Up to and including the line with "Thumbnail 2 in", please reproduce the lines below exactly, beginning with the first.

Given information:
"""
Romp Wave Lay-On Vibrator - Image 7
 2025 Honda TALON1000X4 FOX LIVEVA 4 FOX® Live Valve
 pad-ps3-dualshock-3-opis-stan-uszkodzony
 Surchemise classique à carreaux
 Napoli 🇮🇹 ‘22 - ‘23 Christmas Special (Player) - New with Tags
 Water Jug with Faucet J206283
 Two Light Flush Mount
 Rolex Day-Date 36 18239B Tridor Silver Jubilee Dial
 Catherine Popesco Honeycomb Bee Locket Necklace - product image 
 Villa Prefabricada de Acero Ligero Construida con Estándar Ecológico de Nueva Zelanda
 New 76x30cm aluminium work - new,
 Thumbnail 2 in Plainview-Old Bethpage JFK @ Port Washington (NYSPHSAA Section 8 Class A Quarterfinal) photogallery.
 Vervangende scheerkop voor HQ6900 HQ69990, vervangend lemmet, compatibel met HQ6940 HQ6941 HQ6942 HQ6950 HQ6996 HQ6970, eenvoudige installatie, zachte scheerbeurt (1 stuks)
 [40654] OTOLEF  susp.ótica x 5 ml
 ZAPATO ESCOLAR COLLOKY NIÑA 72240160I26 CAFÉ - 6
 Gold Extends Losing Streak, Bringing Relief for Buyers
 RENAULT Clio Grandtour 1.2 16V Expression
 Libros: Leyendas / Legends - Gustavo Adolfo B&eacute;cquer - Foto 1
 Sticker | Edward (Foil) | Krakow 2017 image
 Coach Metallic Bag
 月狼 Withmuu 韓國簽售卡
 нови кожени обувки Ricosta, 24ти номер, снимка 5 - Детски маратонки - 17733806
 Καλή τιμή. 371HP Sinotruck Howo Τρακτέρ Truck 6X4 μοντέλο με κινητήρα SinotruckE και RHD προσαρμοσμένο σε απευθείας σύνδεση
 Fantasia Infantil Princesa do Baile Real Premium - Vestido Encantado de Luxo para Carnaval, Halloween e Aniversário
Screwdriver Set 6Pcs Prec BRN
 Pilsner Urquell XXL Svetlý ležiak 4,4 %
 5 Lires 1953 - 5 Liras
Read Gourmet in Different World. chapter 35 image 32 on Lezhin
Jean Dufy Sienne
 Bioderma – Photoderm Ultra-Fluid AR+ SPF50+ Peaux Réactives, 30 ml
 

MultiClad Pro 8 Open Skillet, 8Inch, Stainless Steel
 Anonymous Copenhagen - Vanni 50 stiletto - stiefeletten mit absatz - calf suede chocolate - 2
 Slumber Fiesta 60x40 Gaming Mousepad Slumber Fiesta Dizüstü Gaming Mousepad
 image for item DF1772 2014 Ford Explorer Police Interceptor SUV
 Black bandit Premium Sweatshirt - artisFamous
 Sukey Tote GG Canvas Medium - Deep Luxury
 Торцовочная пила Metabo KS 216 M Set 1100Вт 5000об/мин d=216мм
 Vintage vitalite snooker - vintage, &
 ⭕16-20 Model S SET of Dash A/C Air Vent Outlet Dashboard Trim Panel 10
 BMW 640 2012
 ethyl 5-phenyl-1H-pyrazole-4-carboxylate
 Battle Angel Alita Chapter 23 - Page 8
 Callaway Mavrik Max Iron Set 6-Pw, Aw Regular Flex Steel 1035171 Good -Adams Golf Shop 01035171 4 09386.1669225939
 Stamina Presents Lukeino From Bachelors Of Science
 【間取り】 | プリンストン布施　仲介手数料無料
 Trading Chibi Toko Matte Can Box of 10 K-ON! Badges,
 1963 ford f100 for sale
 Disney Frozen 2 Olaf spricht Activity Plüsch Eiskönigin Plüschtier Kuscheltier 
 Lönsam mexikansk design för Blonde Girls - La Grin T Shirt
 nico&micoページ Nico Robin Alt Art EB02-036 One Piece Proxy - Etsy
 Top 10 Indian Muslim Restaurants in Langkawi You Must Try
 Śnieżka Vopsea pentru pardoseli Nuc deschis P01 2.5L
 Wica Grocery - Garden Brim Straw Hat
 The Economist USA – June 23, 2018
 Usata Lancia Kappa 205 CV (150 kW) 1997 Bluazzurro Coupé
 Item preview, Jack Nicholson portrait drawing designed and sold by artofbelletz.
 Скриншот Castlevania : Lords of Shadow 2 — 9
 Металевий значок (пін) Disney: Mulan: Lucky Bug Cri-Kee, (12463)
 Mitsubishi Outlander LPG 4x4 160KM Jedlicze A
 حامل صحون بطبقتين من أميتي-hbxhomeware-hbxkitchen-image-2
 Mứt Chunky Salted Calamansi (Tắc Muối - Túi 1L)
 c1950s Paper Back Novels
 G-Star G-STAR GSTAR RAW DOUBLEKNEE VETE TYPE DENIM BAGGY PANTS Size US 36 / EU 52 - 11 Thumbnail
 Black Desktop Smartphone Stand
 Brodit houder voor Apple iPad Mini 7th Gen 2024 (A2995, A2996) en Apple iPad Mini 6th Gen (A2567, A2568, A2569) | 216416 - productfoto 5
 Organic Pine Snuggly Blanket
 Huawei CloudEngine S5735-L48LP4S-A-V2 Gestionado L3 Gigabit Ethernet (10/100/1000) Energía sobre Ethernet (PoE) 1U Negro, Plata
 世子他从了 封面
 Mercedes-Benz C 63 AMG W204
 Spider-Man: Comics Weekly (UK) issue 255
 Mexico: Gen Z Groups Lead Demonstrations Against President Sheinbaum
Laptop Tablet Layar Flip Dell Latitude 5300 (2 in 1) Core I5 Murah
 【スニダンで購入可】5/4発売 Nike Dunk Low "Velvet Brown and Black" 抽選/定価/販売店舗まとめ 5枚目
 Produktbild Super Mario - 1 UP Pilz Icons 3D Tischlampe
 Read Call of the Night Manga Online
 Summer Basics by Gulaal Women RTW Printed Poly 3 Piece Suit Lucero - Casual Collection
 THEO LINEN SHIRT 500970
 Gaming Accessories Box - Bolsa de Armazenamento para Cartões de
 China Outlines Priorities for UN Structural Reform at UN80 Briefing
"""
Solution to this exercise:
Romp Wave Lay-On Vibrator - Image 7
 2025 Honda TALON1000X4 FOX LIVEVA 4 FOX® Live Valve
 pad-ps3-dualshock-3-opis-stan-uszkodzony
 Surchemise classique à carreaux
 Napoli 🇮🇹 ‘22 - ‘23 Christmas Special (Player) - New with Tags
 Water Jug with Faucet J206283
 Two Light Flush Mount
 Rolex Day-Date 36 18239B Tridor Silver Jubilee Dial
 Catherine Popesco Honeycomb Bee Locket Necklace - product image 
 Villa Prefabricada de Acero Ligero Construida con Estándar Ecológico de Nueva Zelanda
 New 76x30cm aluminium work - new,
 Thumbnail 2 in Plainview-Old Bethpage JFK @ Port Washington (NYSPHSAA Section 8 Class A Quarterfinal) photogallery.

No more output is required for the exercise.